◆ Action item ◆
In the material below, pictures must be dropped. Repeat exactly, and only, the lines from the line with "Trust Me, I'm a (Junior) Doctor" to the line with "bet365pixentrar", both ends included.

◆ Data listing ◆
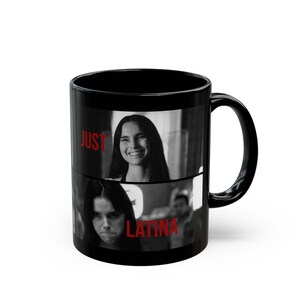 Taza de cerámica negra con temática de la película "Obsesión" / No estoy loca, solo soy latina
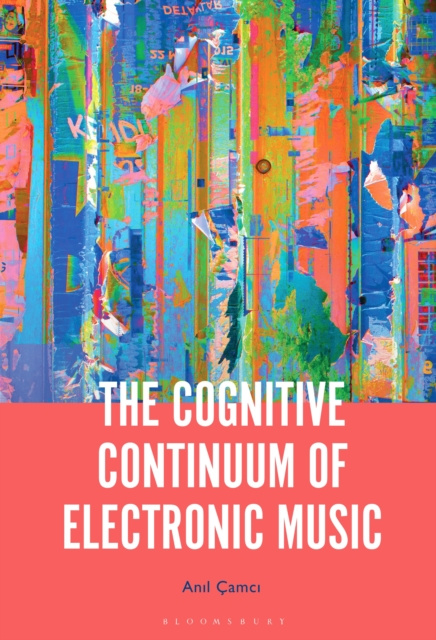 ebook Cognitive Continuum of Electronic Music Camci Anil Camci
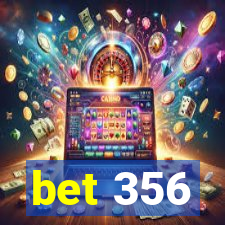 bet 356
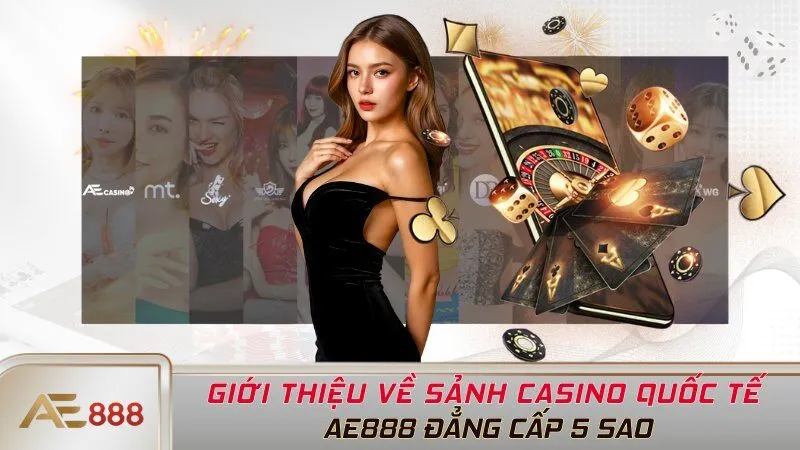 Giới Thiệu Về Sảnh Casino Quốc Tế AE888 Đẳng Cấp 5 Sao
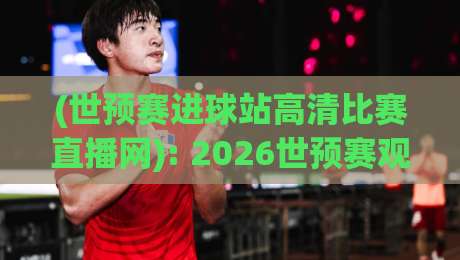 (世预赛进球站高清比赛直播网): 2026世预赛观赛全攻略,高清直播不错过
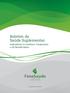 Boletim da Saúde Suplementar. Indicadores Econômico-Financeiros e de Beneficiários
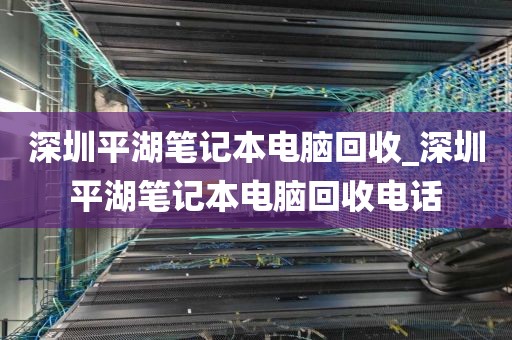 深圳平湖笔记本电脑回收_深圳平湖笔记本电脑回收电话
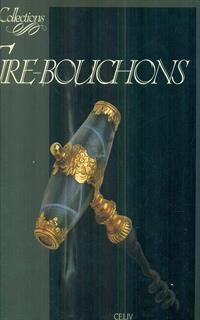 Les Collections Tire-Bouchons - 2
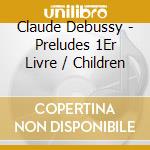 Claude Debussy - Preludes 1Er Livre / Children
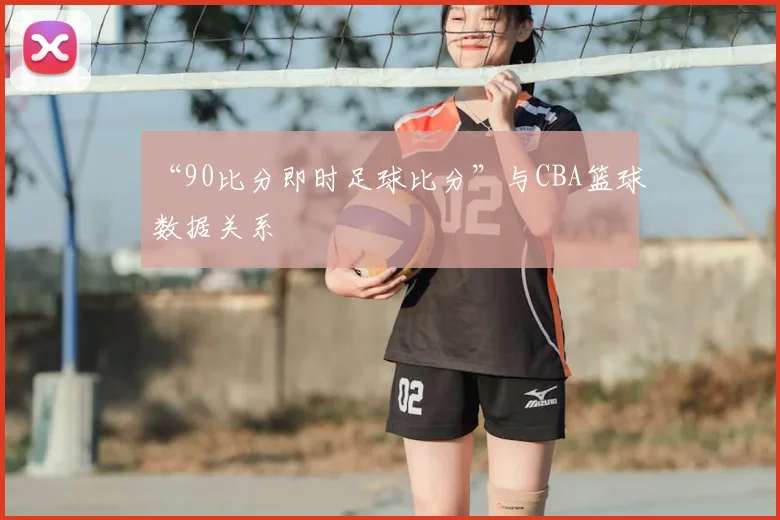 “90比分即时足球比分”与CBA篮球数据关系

* * *

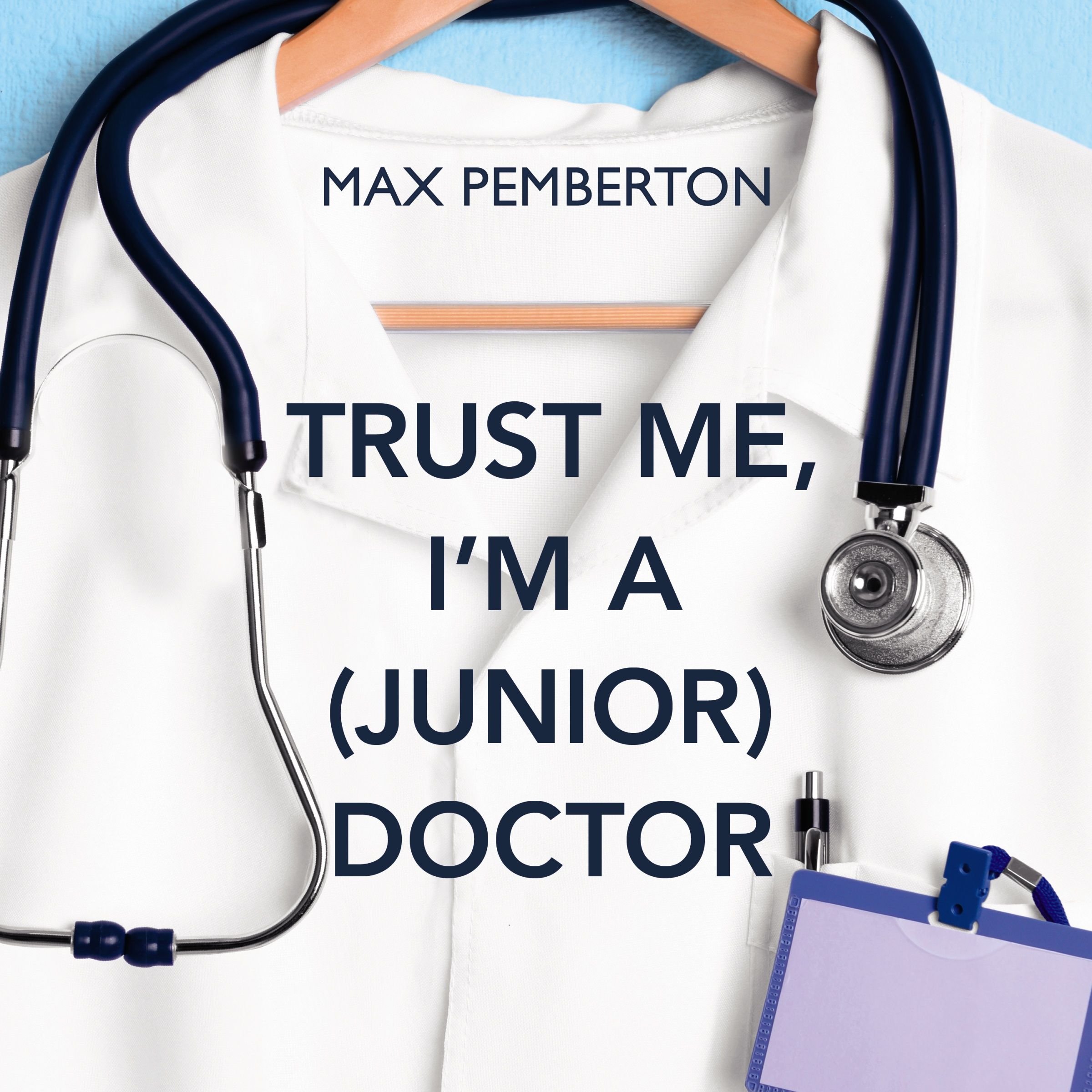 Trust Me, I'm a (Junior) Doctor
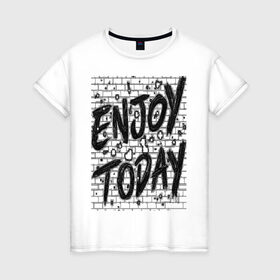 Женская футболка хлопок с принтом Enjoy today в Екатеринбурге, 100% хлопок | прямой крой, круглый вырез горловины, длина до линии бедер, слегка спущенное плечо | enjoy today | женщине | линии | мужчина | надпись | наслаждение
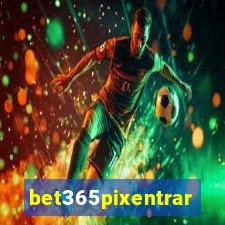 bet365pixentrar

◆ Answer to this task ◆
 Trust Me, I'm a (Junior) Doctor
 Женская футболка хлопок с принтом Enjoy today в Екатеринбурге, 100% хлопок | прямой крой, круглый вырез горловины, длина до линии бедер, слегка спущенное плечо | enjoy today | женщине | линии | мужчина | надпись | наслаждение
 bet365pixentrar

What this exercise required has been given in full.